Depuis quelques temps sont apparus sur les cathodiques métropolitains d’alléchants messages : « Bientôt la carte range va disparaître pour être remplacée par le NAVIGO »... Tout d’abord, je tiens à vous rassurer, la carte orange ne va pas disparaître, pas tout de suite du moins... en tout cas pas tant que je pourrais encore l’utiliser...

La petite Navigo est pourtant tellement séduisante ! C’est le visage de l’avenir et de la modernité, radieux et lisse comme du PVC. Sorte de mise au norme d’un "monde meilleur et sans fil", sa petite puce se rend capable, du fond de votre poche, de faire abdiquer tous les tourniquets qu’elle croisera, vous évitant ainsi la pénible et rétrograde insertion du vieux vilain coupon tout rougeaud, tout tordu et si vite usé.

Et pourtant Navigo ne me séduit pas, pire, ça m’inquiète... Navigo ne s’entend décidément pas bien avec ma parano...

Anatomie. D’un côté nous avons une base de données qui contient une somme d’informations très personnelles sur mon compte : nom, adresse et photo en numérique. De l’autre côté nous avons cette bavarde petite Navigo qui vous "dénonce au central" à chaque entrée, ou sortie, d’une station de métro, mais aussi de bus, de tram, de RER, bref, de tout ce qui me transporte en commun... ajoutant ainsi sans relâche à "votre fiche", la liste exhaustive des noms, dates et heures des check-points que vous avez traversés.

Avec 14,6 millions de cartes oranges mensuelles émises en 2004 et près de 6 millions d’Intégrales, on imagine bien que le dit fichier va vite devenir bien gros et bien dodu. On imagine aussi sans peine ce que l’on pourrait en faire. Auscultée par tranches horaires, elle vous permet de découvrir foule d’infos croustillantes comme votre lieu de travail, vos habitudes nocturnes, votre endroit préféré pour déjeuner...

On peut aller bien plus loin et s’amuser à croiser les trajets de tous les voyageurs et ainsi découvrir qui va où et en même temps. Il devient alors enfantin d’établir par exemple la liste des participants à une manif en comparant les noms de ceux qui sont arrivés à Bastille avant ceux qui, un peu plus tard, sont partis de Richelieu-Drouot... Et imaginez encore cela matiné de critères ethniques, un peu comme ce qui a fait quelques bruits dernièrement.

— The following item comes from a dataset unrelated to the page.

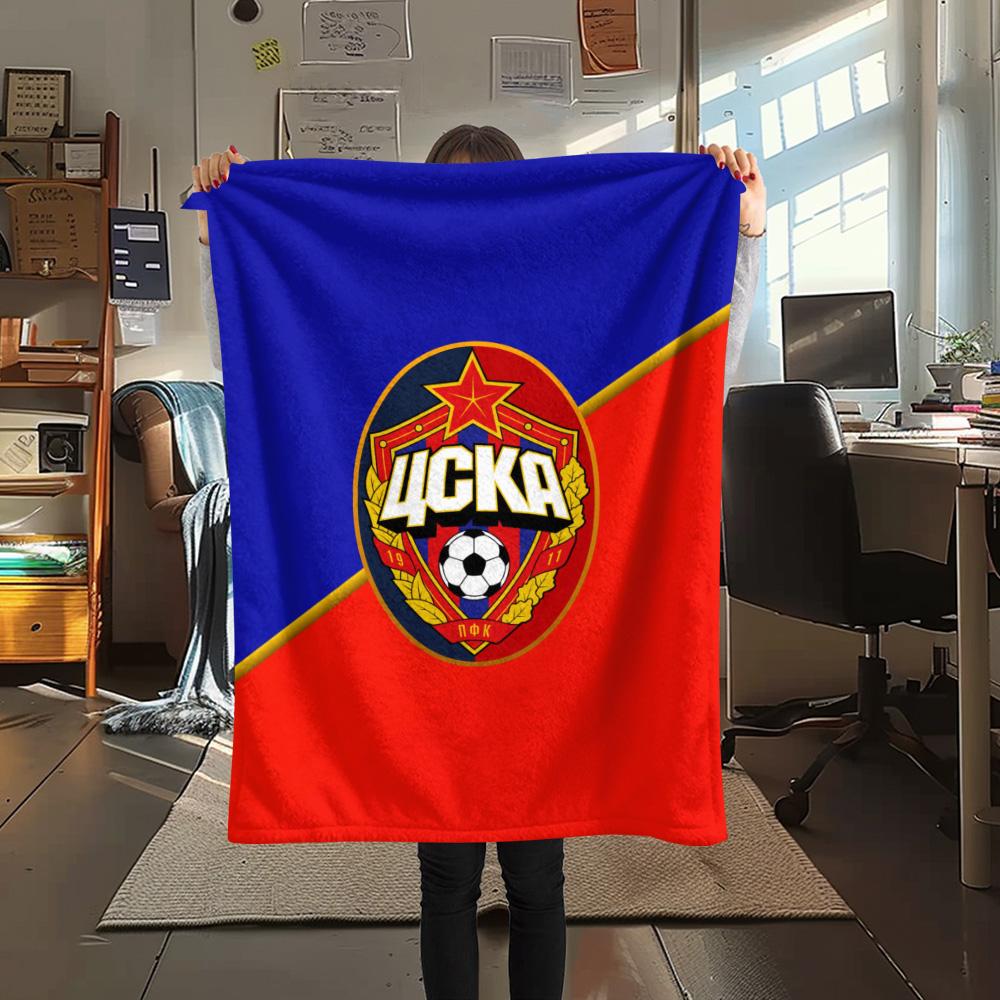 1Pc CSKA Moscow Logo Print Flannel Blanket High Quality Warm Comfortable Cover for All Seasons Perfect for Gifts Home Decor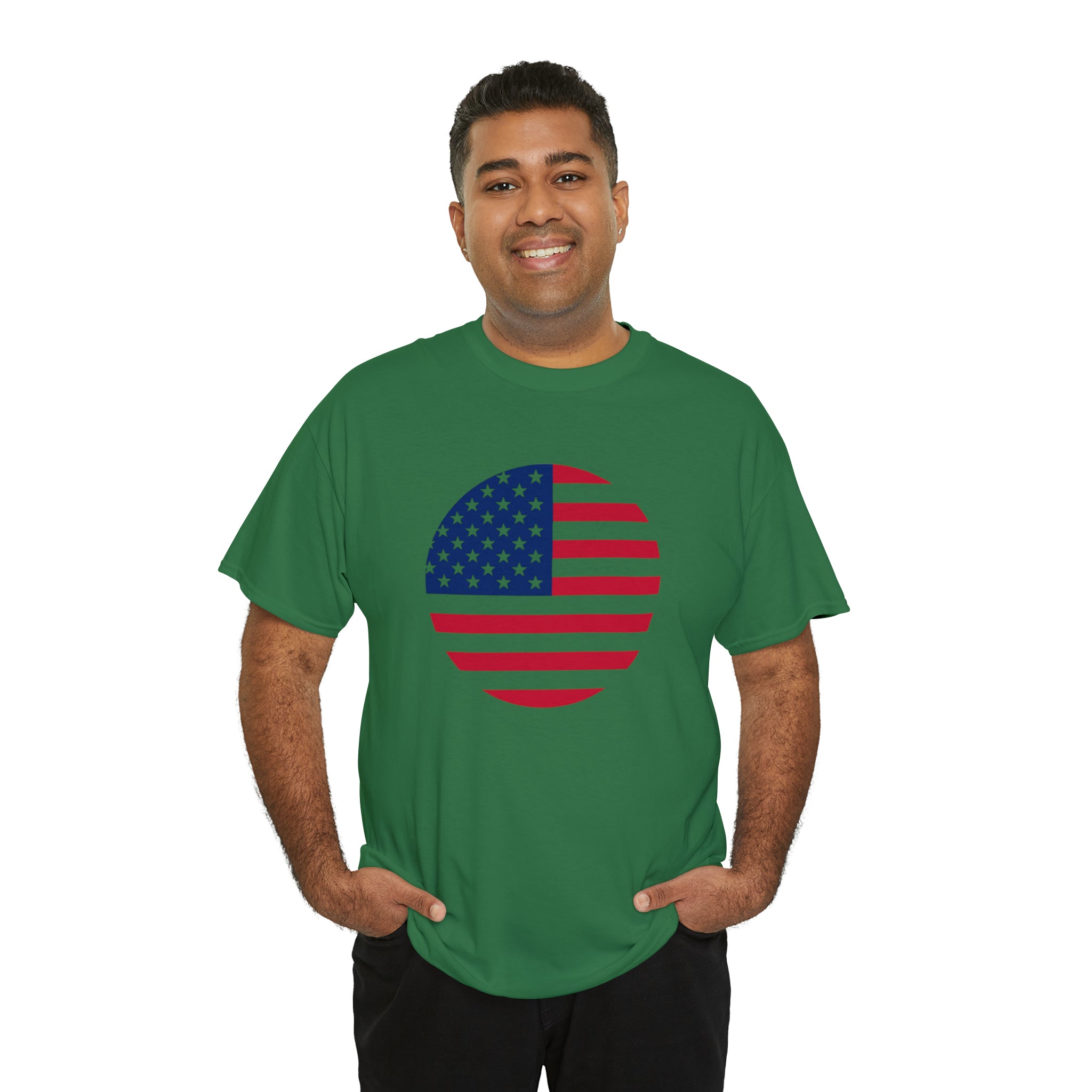 American Flag Globe Unisex Heavy Cotton Tee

L’article 6.2 des « conditions générales » est quant à lui assez clair, et indique bien que tous les déplacements sont historisés et donc associés à votre nom, votre photo numérisée, votre adresse, téléphone (non obligatoire . Il est cependant possible d’exercer son "droit d’opposition" à l’utilisation de ses données personnelles à des fins de prospection (6.1 b). Il est aussi à noter que le STIF déclare que ces données de déplacements ne seront gardées que 48h maximum. Belle garantie que celle-là qui n’ôte rien à la dangerosité de la pratique. Il semblerait aussi qu’un surcoût de 5€ soit demandé si l’on désire une carte anonyme... Non, vraiment, Navigo, ça fait rêver...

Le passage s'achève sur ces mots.